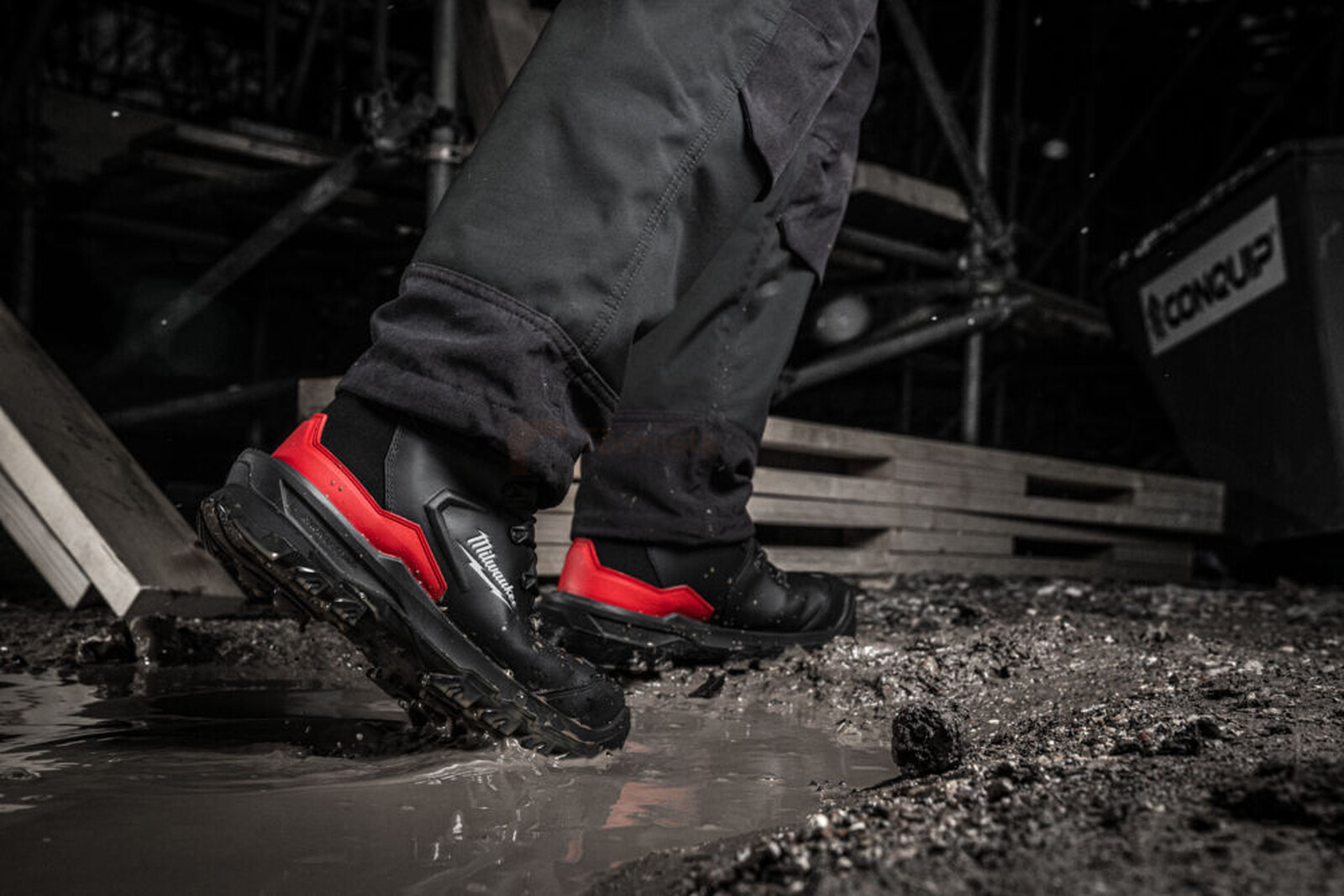 Pildil on näha, kuidas Milwaukee Armourtred™ S7S turvasaapad on kasutuses, astudes läbi loigu ehitusplatsil.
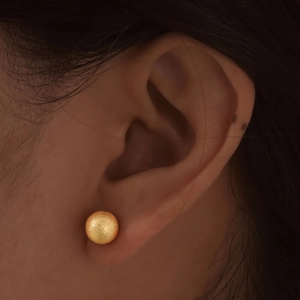 Close-up of a minimalist golden stainless steel ball earring with a matte finish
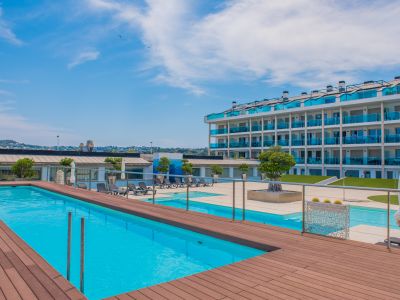 Amplia zona de piscina comunitaria con una piscina de azul brillante y una tarima de madera cálida. El moderno edificio de apartamentos, con balcones de cristal azul, domina este espacio exterior sereno.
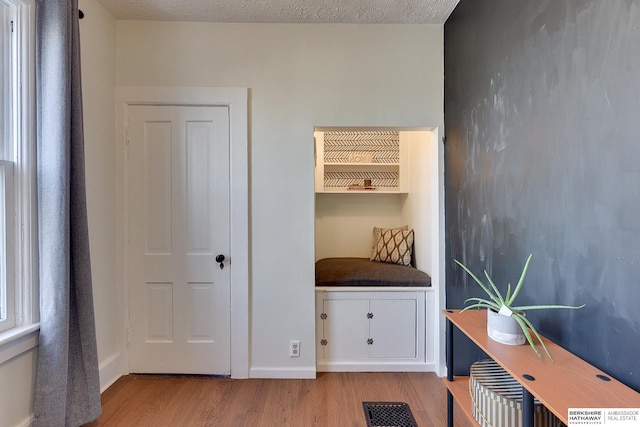 office with visible vents, baseboards, a textured ceiling, and light wood finished floors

# TASK ITEM
Find the line containing "Amplia zona de" in the listing above. Restate it and every line after it, word for word, through the final line, leaving out the pictures.

# SOLUTION FOR THIS PROBLEM
 Amplia zona de piscina comunitaria con una piscina de azul brillante y una tarima de madera cálida. El moderno edificio de apartamentos, con balcones de cristal azul, domina este espacio exterior sereno.
 office with visible vents, baseboards, a textured ceiling, and light wood finished floors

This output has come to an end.